■ **TRY IT**
Reproduce the data below verbatim from the line containing "51 % für die AfD 💙" through its final line, and produce nothing more.

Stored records

* * *

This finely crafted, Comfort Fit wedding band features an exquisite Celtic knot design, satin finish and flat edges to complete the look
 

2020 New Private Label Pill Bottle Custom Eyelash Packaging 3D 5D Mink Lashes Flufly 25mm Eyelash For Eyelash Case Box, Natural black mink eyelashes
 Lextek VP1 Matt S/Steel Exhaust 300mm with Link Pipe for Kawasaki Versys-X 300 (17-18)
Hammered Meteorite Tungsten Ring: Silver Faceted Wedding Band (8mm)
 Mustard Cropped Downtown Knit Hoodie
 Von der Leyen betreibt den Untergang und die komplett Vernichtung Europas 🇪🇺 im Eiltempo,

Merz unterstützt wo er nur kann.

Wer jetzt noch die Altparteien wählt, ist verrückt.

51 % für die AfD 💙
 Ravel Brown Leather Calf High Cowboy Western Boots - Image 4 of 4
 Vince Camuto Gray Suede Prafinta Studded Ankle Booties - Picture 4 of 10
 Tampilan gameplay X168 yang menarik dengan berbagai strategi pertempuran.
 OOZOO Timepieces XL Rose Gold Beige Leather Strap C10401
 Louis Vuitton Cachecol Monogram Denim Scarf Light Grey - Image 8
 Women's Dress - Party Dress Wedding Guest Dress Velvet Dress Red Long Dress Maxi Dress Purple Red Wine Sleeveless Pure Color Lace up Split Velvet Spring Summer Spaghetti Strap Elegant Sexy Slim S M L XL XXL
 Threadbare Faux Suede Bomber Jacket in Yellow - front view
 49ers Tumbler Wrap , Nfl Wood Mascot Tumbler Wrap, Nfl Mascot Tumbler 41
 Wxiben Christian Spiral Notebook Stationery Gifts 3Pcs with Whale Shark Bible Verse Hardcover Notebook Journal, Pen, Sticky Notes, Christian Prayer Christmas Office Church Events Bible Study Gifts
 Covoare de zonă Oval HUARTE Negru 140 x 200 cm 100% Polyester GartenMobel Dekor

* * *

■ **OUTPUT BELOW**
51 % für die AfD 💙
 Ravel Brown Leather Calf High Cowboy Western Boots - Image 4 of 4
 Vince Camuto Gray Suede Prafinta Studded Ankle Booties - Picture 4 of 10
 Tampilan gameplay X168 yang menarik dengan berbagai strategi pertempuran.
 OOZOO Timepieces XL Rose Gold Beige Leather Strap C10401
 Louis Vuitton Cachecol Monogram Denim Scarf Light Grey - Image 8
 Women's Dress - Party Dress Wedding Guest Dress Velvet Dress Red Long Dress Maxi Dress Purple Red Wine Sleeveless Pure Color Lace up Split Velvet Spring Summer Spaghetti Strap Elegant Sexy Slim S M L XL XXL
 Threadbare Faux Suede Bomber Jacket in Yellow - front view
 49ers Tumbler Wrap , Nfl Wood Mascot Tumbler Wrap, Nfl Mascot Tumbler 41
 Wxiben Christian Spiral Notebook Stationery Gifts 3Pcs with Whale Shark Bible Verse Hardcover Notebook Journal, Pen, Sticky Notes, Christian Prayer Christmas Office Church Events Bible Study Gifts
 Covoare de zonă Oval HUARTE Negru 140 x 200 cm 100% Polyester GartenMobel Dekor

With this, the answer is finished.